Since Bull relies on ioredis for accessing Redis, the default is auto-reconnect forever, this behaviour can be customized but most likely the default is the best setting currently: https://github.com/luin/ioredis#auto-reconnect
In the context of Bull, we have normally two different cases that are handled differently.
A worker is consuming jobs from the queue as fast as it can. If it loses the connection to Redis we want the worker to "wait" until Redis is available again. For this to work we need to understand an important setting in our Redis options (which are handled by ioredis):
This setting tells the ioredis client how many times to try a command that fails before throwing an error. So even though Redis is not reachable or offline, the command will be retried until this situation changes or the maximum number of attempts is reached.

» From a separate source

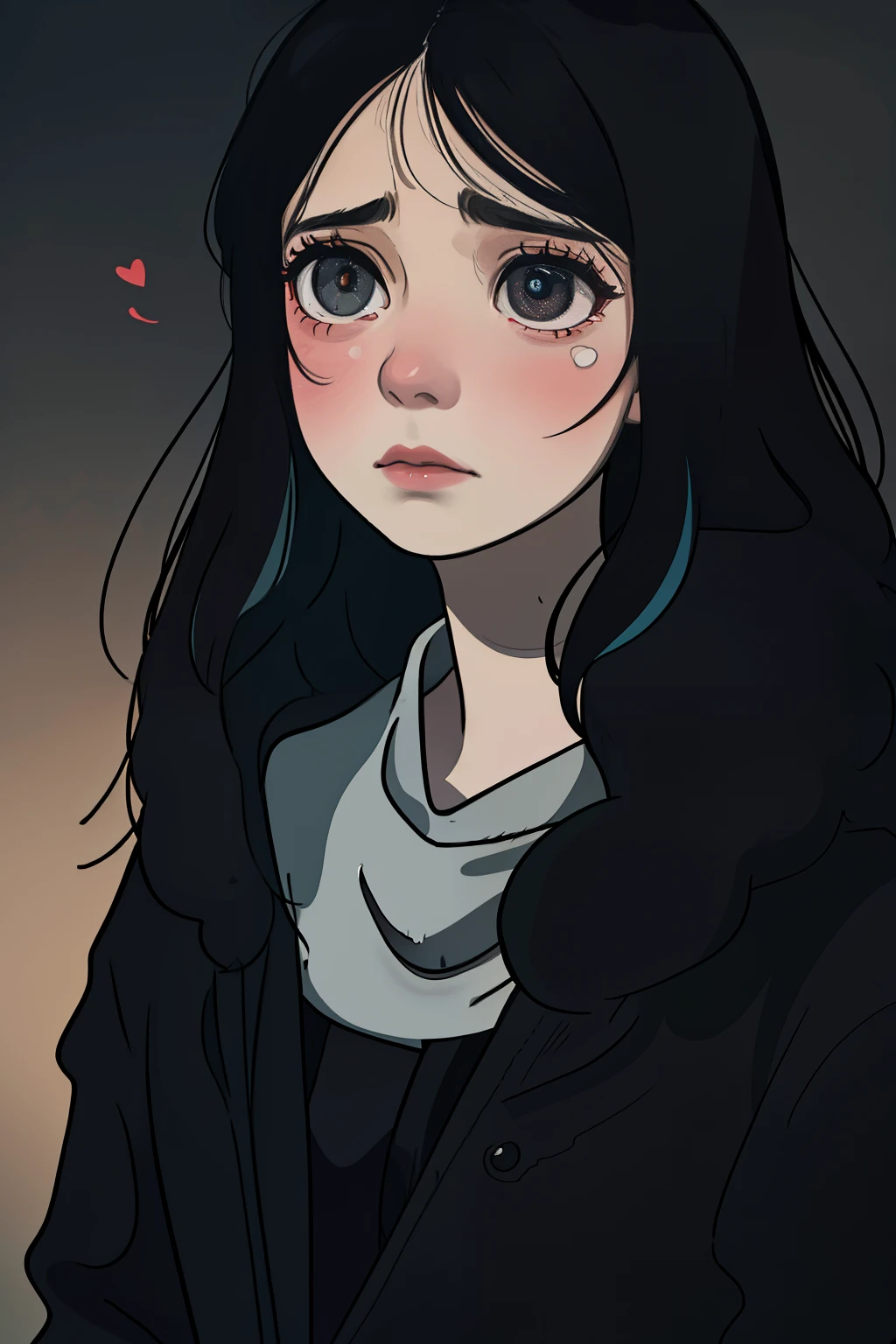Striking Vector Art: A Heart-Wrenching portrayal of a woman, her eyes brimming with unshed tears, a poignant display of sorrow caused by a man. The delicate, downturned lips whisper a silent tale of despair. Details are exceptionally crisp, each curve and line exuding a raw emotion, a testament to the painter's skill. Melancholy lashes cast shadows on her pallid cheeks, a stark contrast to the vivid colors that surround her. Soft focus and studio lighting subtly highlight the sorrow etched on her face, while the background melts into a blur, isolating her anguish. The artwork is rendered in muted,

In Bull we set this setting to null both for the "bclient" and "eclient" connections, which are used for the workers and events respectively.
This guarantees that the workers will keep processing forever as long as there is a working connection. If you create a Redis client manually, Bull will throw an exception if this setting is not set to null.
A simple Queue instance used for managing the queue such as adding jobs, pausing, using getters, etc. has usually different requirements as the worker.
For example, say that you are adding jobs to a queue as the result of a call to an HTTP endpoint. The caller of this endpoint cannot wait forever if the connection to Redis happens to be down when this call is made.
Therefore the maxRetriesPerRequest setting should either be left at its default (which currently is 20) or set it to another value, maybe 1 so that the user gets an error quickly and can retry later.